Het plan Groot Nederland is m.i. nog wel erg onzeker! En dan: met Coenen in een redactie lijkt me ook niet erg leuk. Ik prefereer voortzetting van Forum, al houd ik Jan's plan achter de hand.
Panopt. over Buning heb ik doorgestuurd naar Bouws, met dringend verzoek, het nog in het Nov. nummer te werken. Als we nu in één of andere vorm doorgaan, gaat het grootsche doodsfestijn van Dec. natuurlijk zóó niet door. Dat vuurwerk zal dus maar geofferd moeten worden, al spijt het me een beetje. Byron heb ik besteld, toen ik hoorde, dat hij maar ƒ 4.50 kostte. Er stond geen bespreking van in de N.R.C., alleen een vermelding, met de bijvoeging dat de ‘bij uitstek deskundige’ E.d.P. (of zooiets) de verzen had uitgezocht. Ja, ik ben op het bezit ervan gesteld, speciaal omdat het jouw arrangement is (zooals ik misschien hoofdzakelijk op Napoleon gesteld ben ‘in het arrangement’ van Stendhal).

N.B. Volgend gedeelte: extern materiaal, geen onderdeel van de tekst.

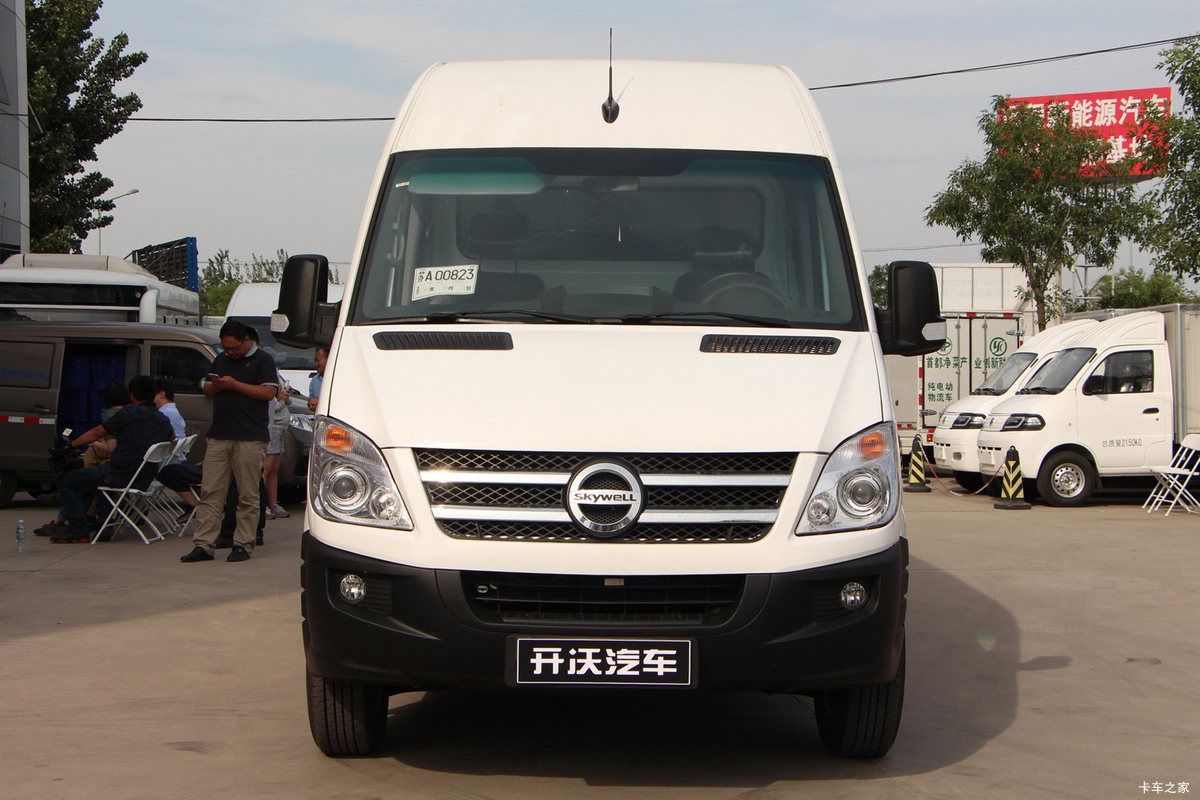 南京金龙 开沃D11 4.5T 5.96米中顶纯电动封闭厢式运输车(续航335km)82.25kWh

Je las zeker nu al de verheven critiek van Ritter. Ik besefte er nog eens flink door, hoe eenzaam wij hier wel staan; en ik vraag me af, wat zoo'n heer dan wel van den Politicus zal zeggen! Hoe vond je alleen al de klooterige wijze, waarop ‘het verhaaltje’ was nagebauwd! Zelfs in die navertelling tallooze stommiteiten en fouten. En de fooi over de ‘meesterlijke doorrijging’ met humor en ironie is ook niet slecht. - Zaterdagav. verschijnt Vic in de N.R.C. met zijn critiek, heeft hij me aangekondigd.

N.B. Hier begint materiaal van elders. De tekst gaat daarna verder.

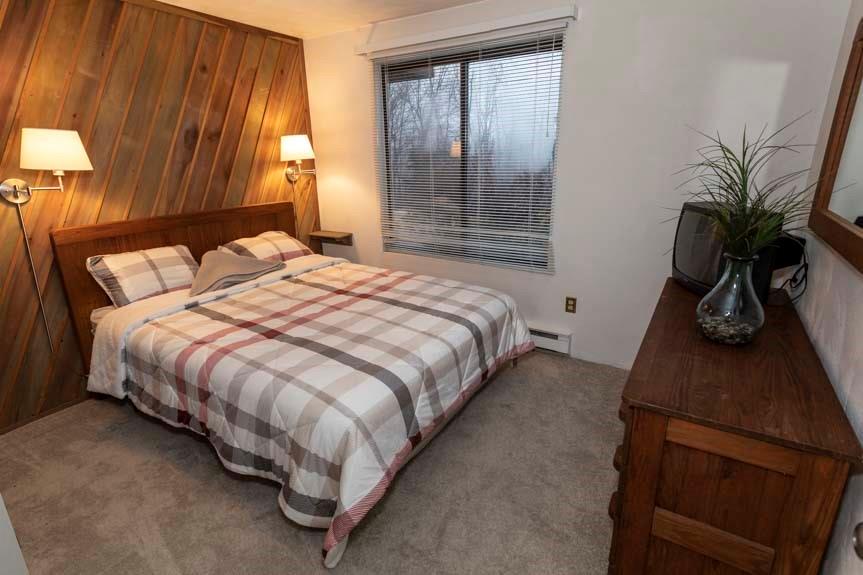 47 Valley View Road Hidden Valley, PA 15502 - Photo 11 of 25 Gallery Image 11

Die zal in ieder geval ‘aesthetischer’ zijn; ik ben vooral benieuwd, of hij op Max Donner reageert. (tusschen haakjes: Enny Binnendijk had haar man in dezen poëet herkend!)

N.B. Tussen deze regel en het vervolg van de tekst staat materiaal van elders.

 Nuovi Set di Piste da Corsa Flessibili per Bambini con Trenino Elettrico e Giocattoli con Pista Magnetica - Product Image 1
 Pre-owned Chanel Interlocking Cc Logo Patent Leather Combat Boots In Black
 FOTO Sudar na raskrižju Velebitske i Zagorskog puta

Je rectificatie aan Het Vad. stel ik als gebaar zeer op prijs; maar in de gegeven omstandigheden lijkt het me aangewezen, om met tegenberichtgeving te wachten, tot de nieuwe plannen gedecideerd zijn.
Al dit litteraire gedoe is vervelend en liever zou ik je rustig antwoorden over de ‘onanie’ van het schrijven; maar ik ben doodop van het geklets en gereis en schrijf dit alleen zoo spoedig omdat er haast bij is. Ik hoop, dat je je nu al weer meer op streek voelt!
Over voorschot telefoneer ik morgen! hart. gr. 2 × 2 van je
Menno
* Formaat zou zijn: 32 pag. p. nr., ƒ 1 per pag. hon. Ook al kaal!